DATA FOR THIS EXERCISE: Begin

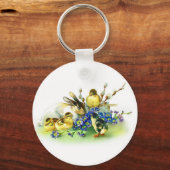 Sleutelhanger voor paaspasta (Voorkant)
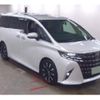 toyota alphard 2023 quick_quick_6AA-AAHH45W_AAHH45-0003739 image 3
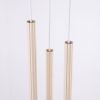 Suspensions Acier Beige G9 3 Arche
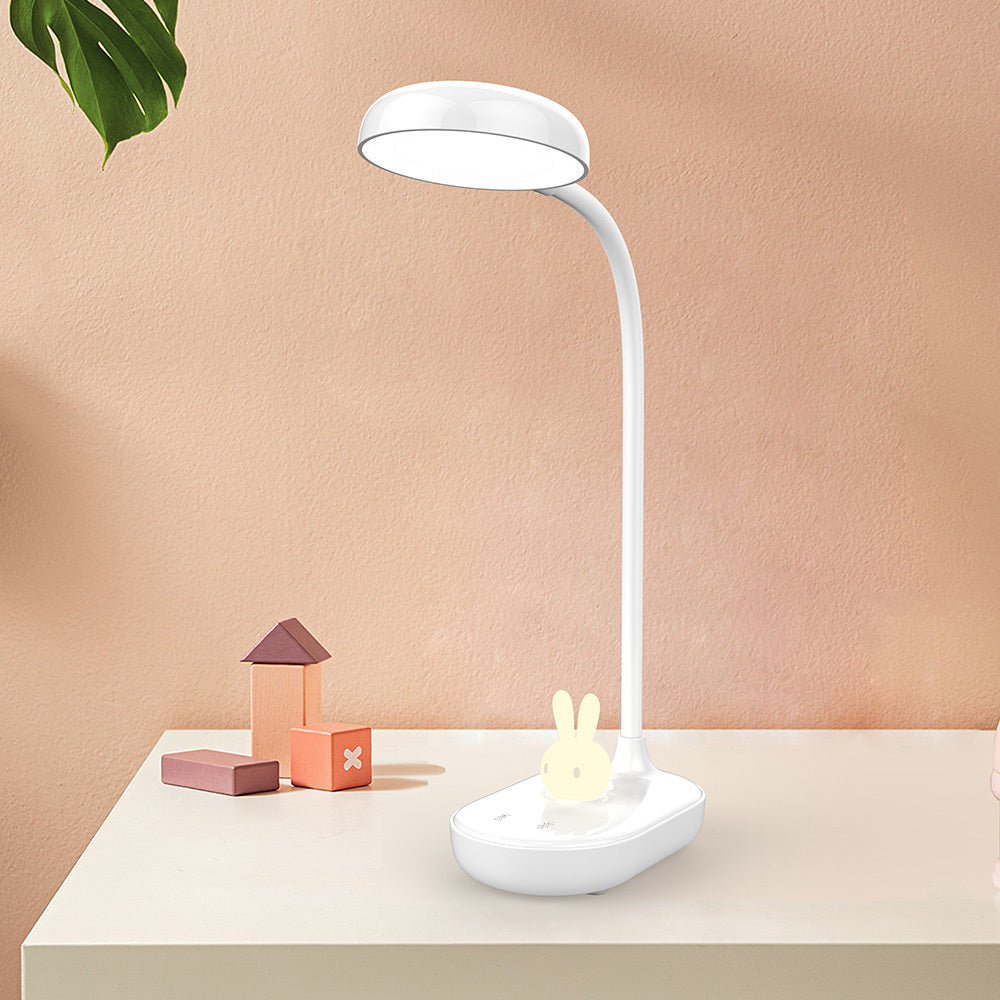 LED stolna lampa Forever FLB-30 Bunny, 4.5W, 4000K, bijela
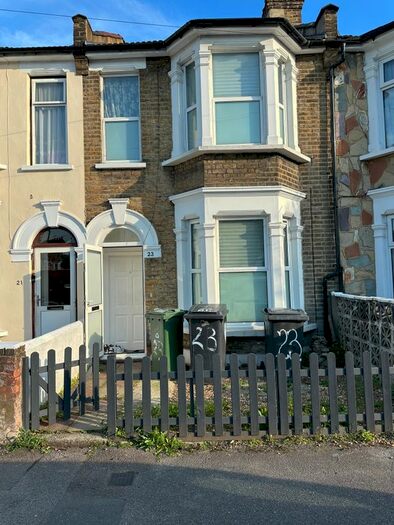 3 Bedroom Terraced House To Rent In Radlix Road, London, E10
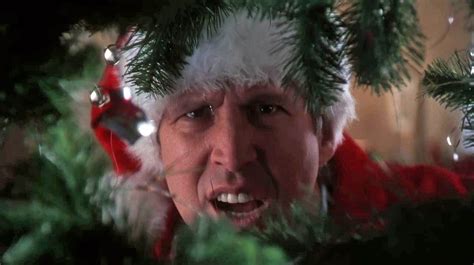 Hear a sound in your Xmas tree? Best Christmas Movies, Lampoon's ...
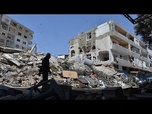 Replay Le président libanais s'engage à faire l'impossible pour mettre fin à la guerre avec Israël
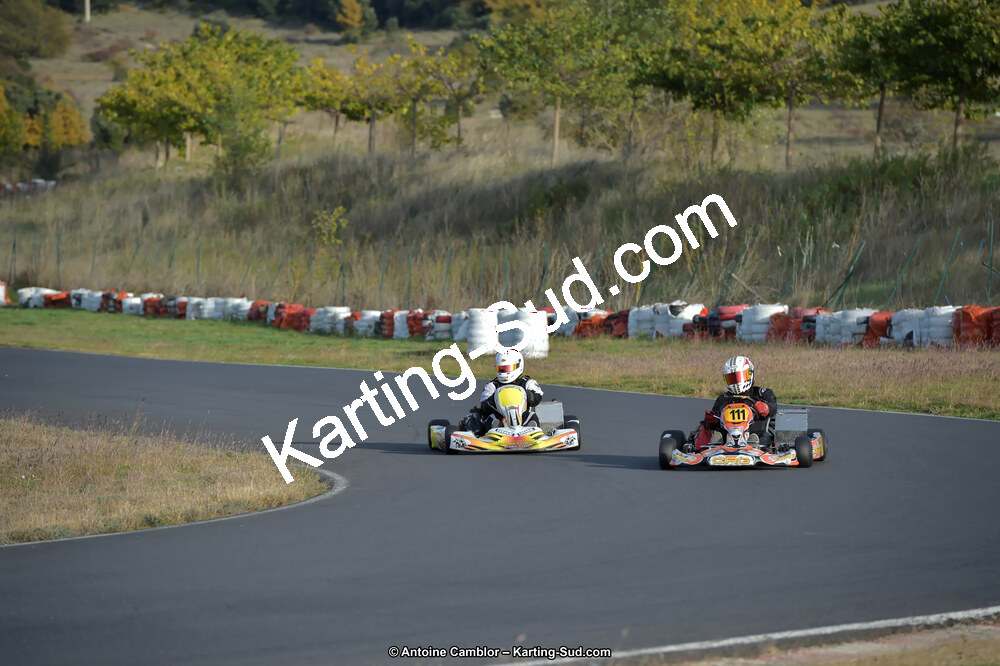 20/11/2016 : Seranne Trophy à Ganges (Photos Antoine Camblor) 2016 — karting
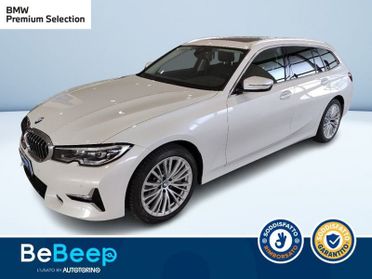 BMW Serie 3 Touring 330I TOURING XDRIVE LUXURY AUTO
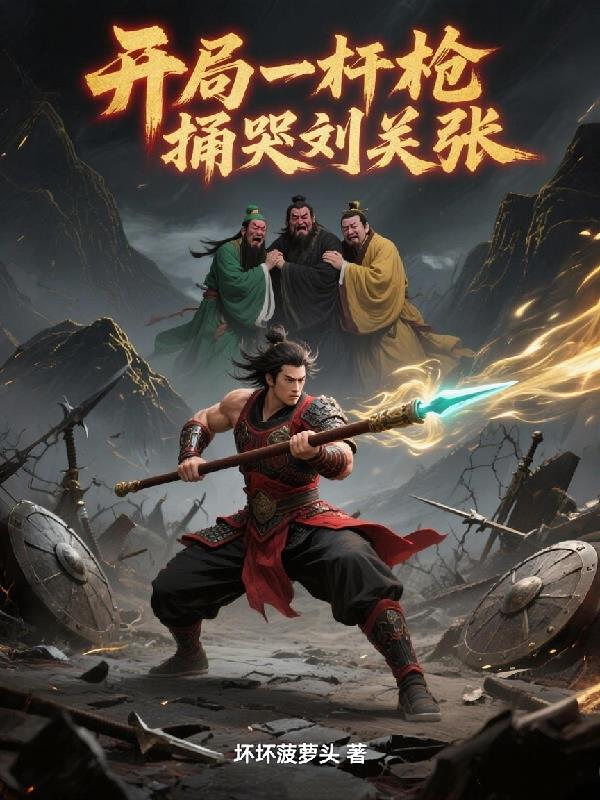 开局一杆枪，捅哭刘关张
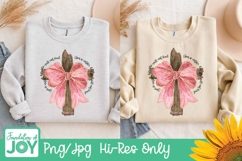 God is within Her She will not fail, Psalm 46:5 png, impasto Product Image 3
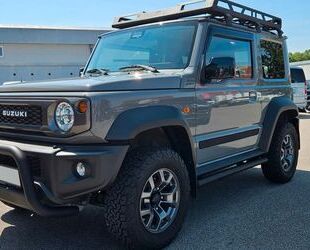 Suzuki Jimny Gebrauchtwagen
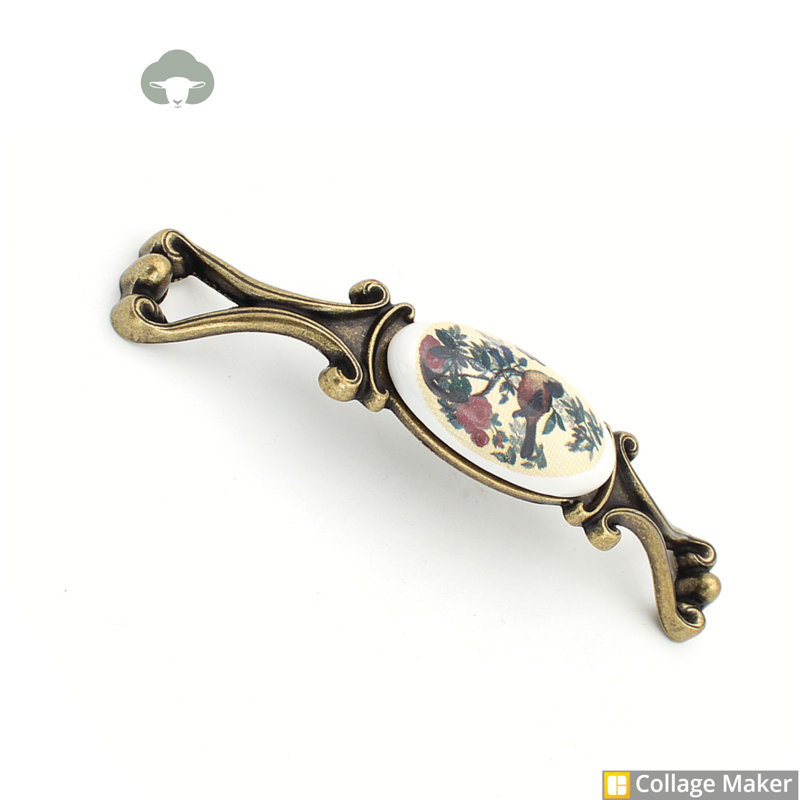 Durazo 1.28cm centre Bar Handle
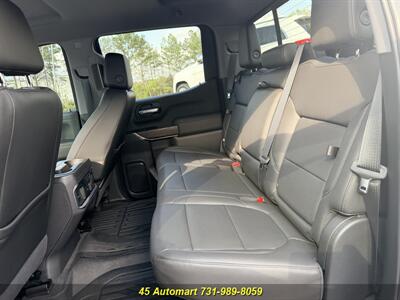 2020 GMC Sierra 1500 SLT 4x4 Crew Cab 4WD X31 Off Road Leather Loaded!   - Photo 8 - Henderson, TN 38340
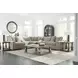 Maxton Heights Pebble 5 Piece Modular Sectional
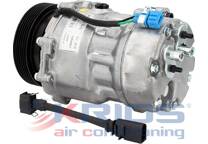 Compresseur climatisation
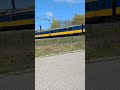 Treinspotten met kleinzoon #trainspotting #train #railway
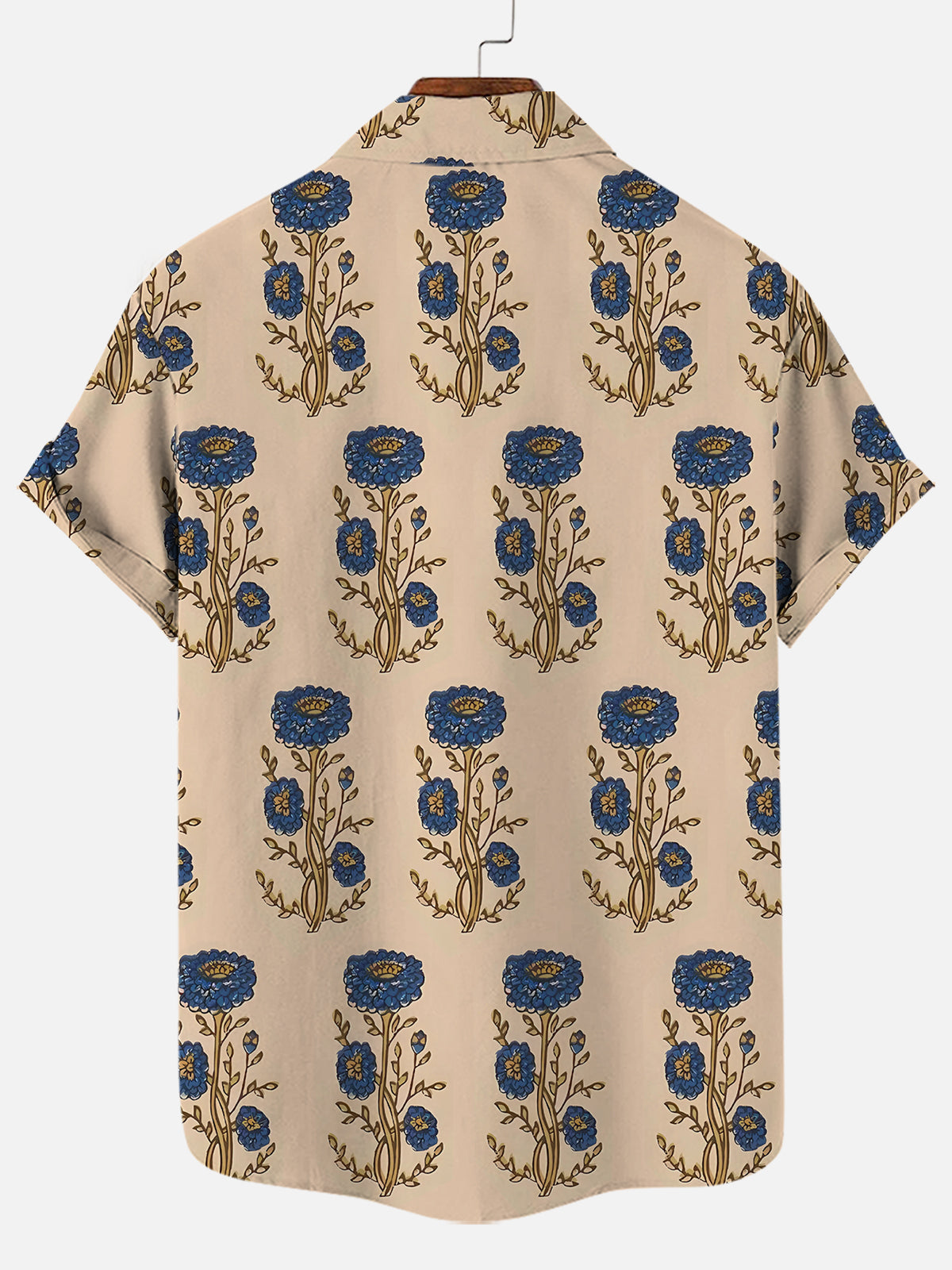 Arcadia Refreshing Floral Shirt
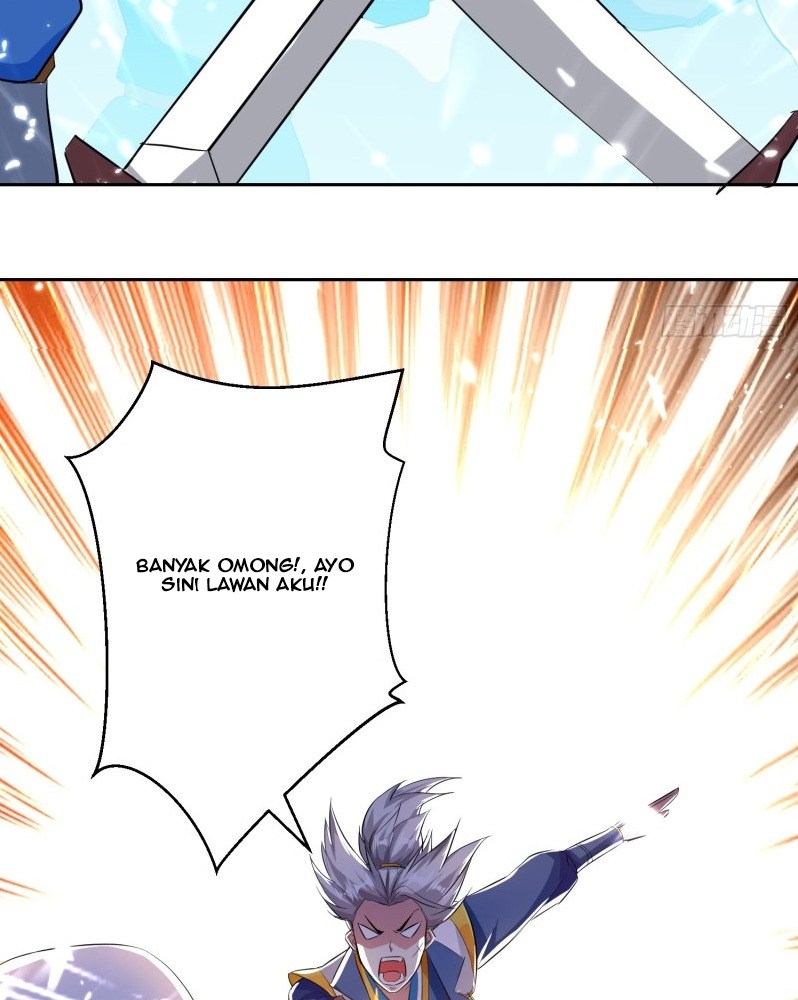 Ling Tian Shendi Chapter 40 - halaman 17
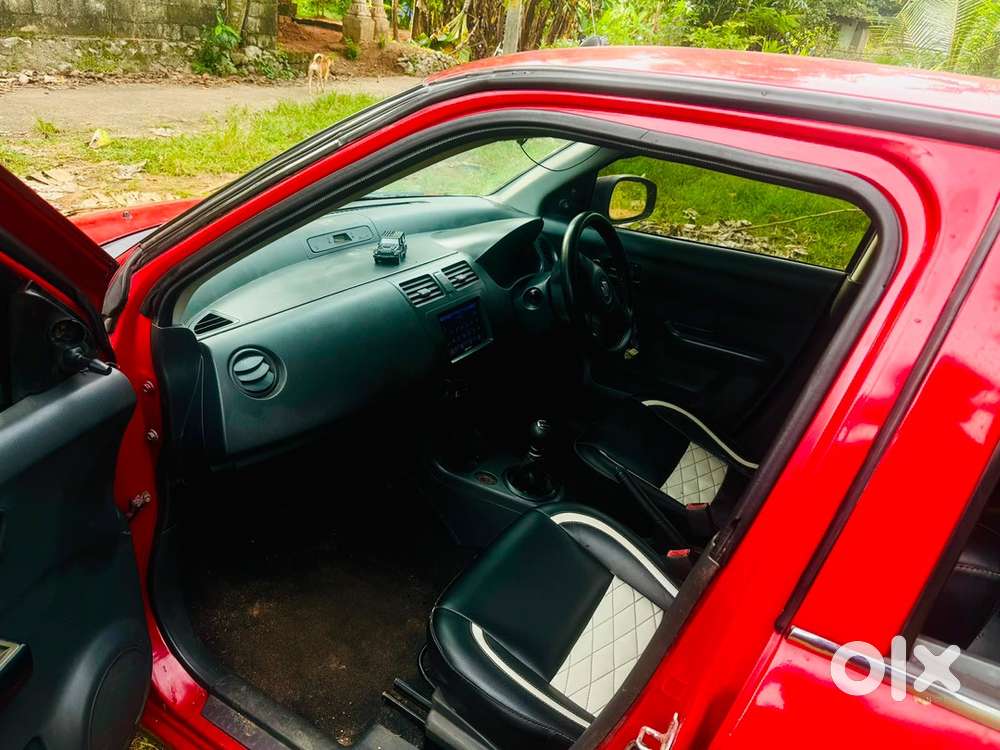 Maruti Suzuki Swift Petrol 2007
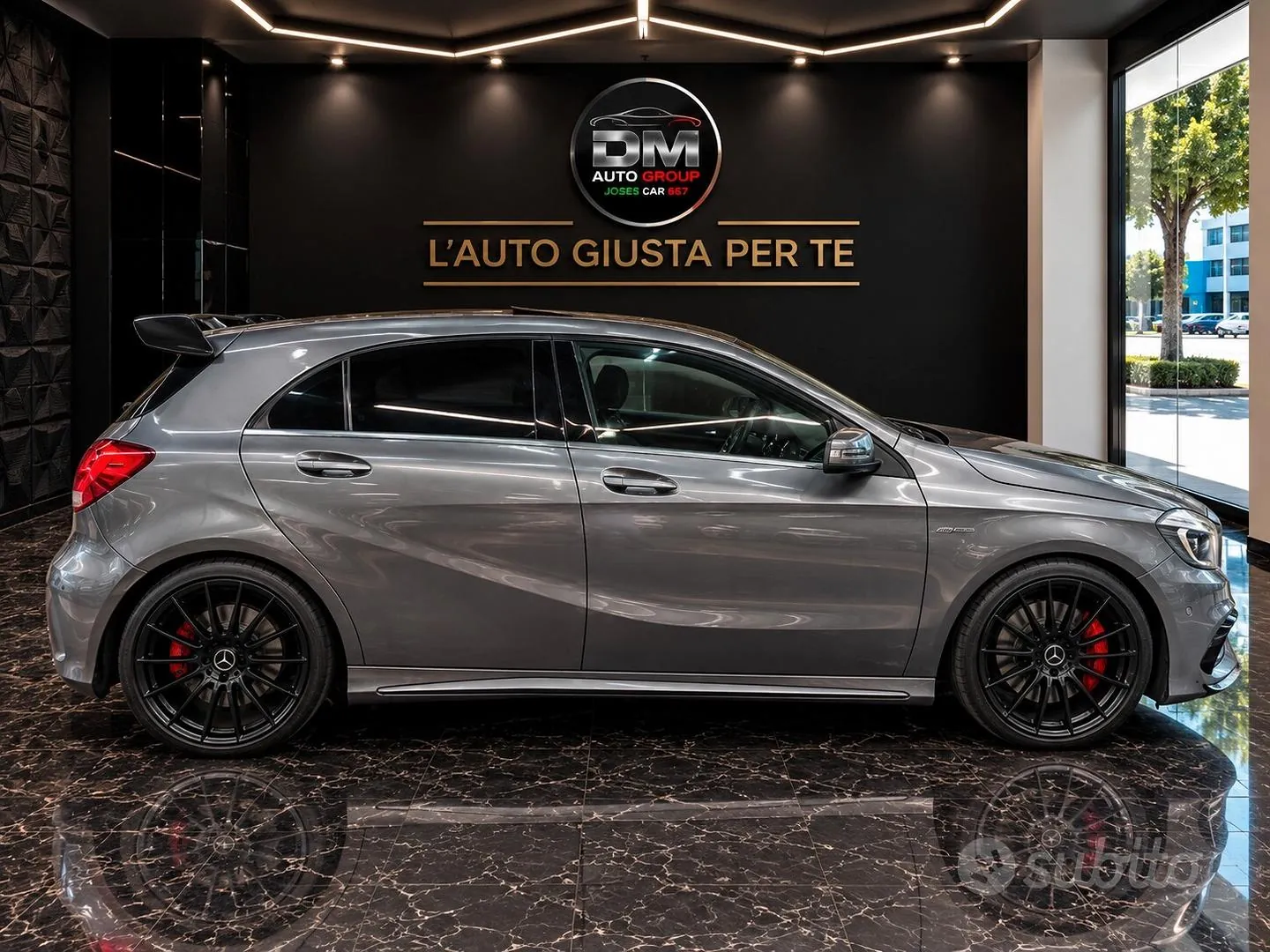 Mercedes-Benz A 160 Cdi Sport 2014 photo 4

DATA FOR THIS EXERCISE: End

[TASK INSTRUCTIONS] Each line of the material is to be output exactly. Images are not part of the expected output.

[SOLUTION FOR THIS PROBLEM]
 Sleutelhanger voor paaspasta (Voorkant)
 toyota alphard 2023 quick_quick_6AA-AAHH45W_AAHH45-0003739 image 3
 Suspensions Acier Beige G9 3 Arche
 LED stolna lampa Forever FLB-30 Bunny, 4.5W, 4000K, bijela
 3 Bedroom Terraced House To Rent In Radlix Road, London, E10
 Hear a sound in your Xmas tree? Best Christmas Movies, Lampoon's ...
 Replay Le président libanais s'engage à faire l'impossible pour mettre fin à la guerre avec Israël
 20/11/2016 : Seranne Trophy à Ganges (Photos Antoine Camblor) 2016 — karting
 BMW Serie 3 Touring 330I TOURING XDRIVE LUXURY AUTO
 开局一杆枪，捅哭刘关张
 God is within Her She will not fail, Psalm 46:5 png, impasto Product Image 3
 Suzuki Jimny Gebrauchtwagen
 Durazo 1.28cm centre Bar Handle
 2020 GMC Sierra 1500 SLT 4x4 Crew Cab 4WD X31 Off Road Leather Loaded!   - Photo 8 - Henderson, TN 38340
 Maxton Heights Pebble 5 Piece Modular Sectional
 Compresseur climatisation
 Treinspotten met kleinzoon #trainspotting #train #railway
 Arcadia Refreshing Floral Shirt
 Ling Tian Shendi Chapter 40 - halaman 17
 Maruti Suzuki Swift Petrol 2007
 Mercedes-Benz A 160 Cdi Sport 2014 photo 4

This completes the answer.